§ GOAL OF THE EXERCISE:
Without the images, repeat every line of the listing exactly.

§ DATA PROVIDED:
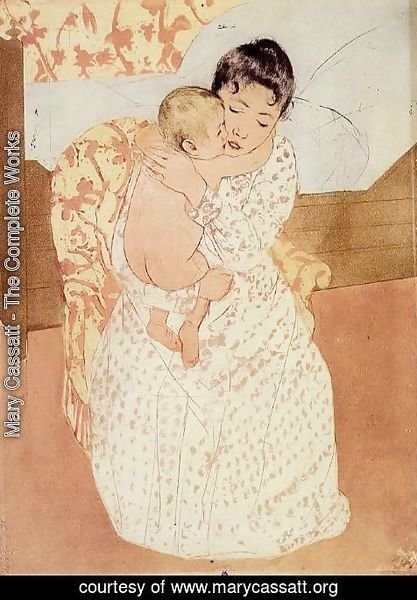 Mary Cassatt - Nude Child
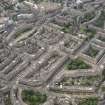 Oblique aerial view of Melville Street, Palmerston Place, Atholl Crescent, Coates Crescent and Shandwick Place, looking E.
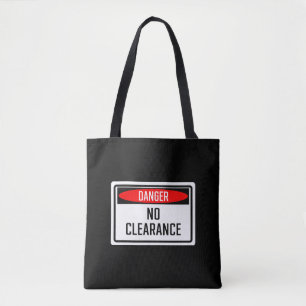 Gefahr Kein Clearance-Zeichen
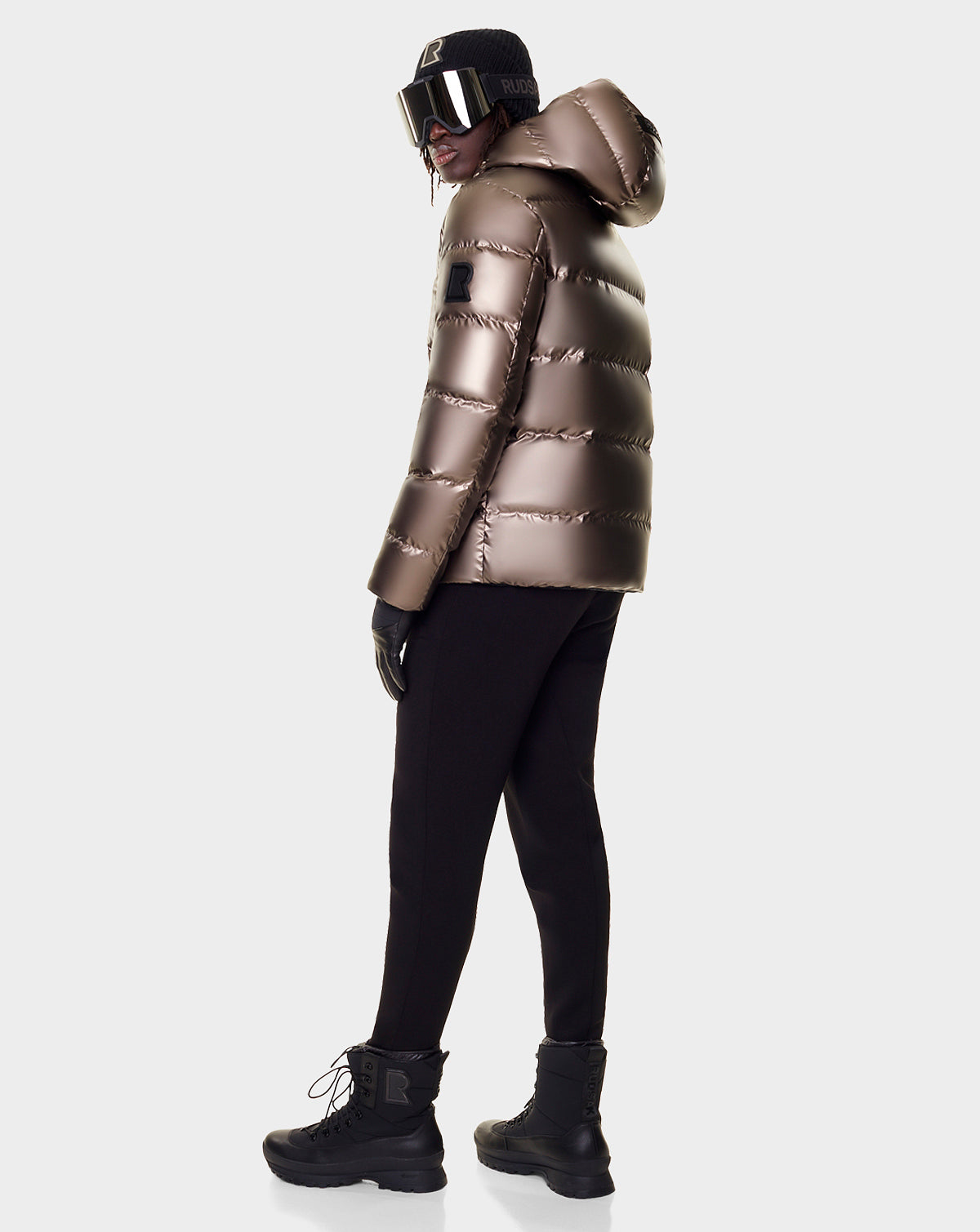 Men | CARTER Reversible Down Puffer | Metallic Chocolate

§ OUTPUT FOR THIS TASK:
 Mary Cassatt - Nude Child
 Oblique aerial view of Melville Street, Palmerston Place, Atholl Crescent, Coates Crescent and Shandwick Place, looking E.
 Gefahr Kein Clearance-Zeichen
 Men | CARTER Reversible Down Puffer | Metallic Chocolate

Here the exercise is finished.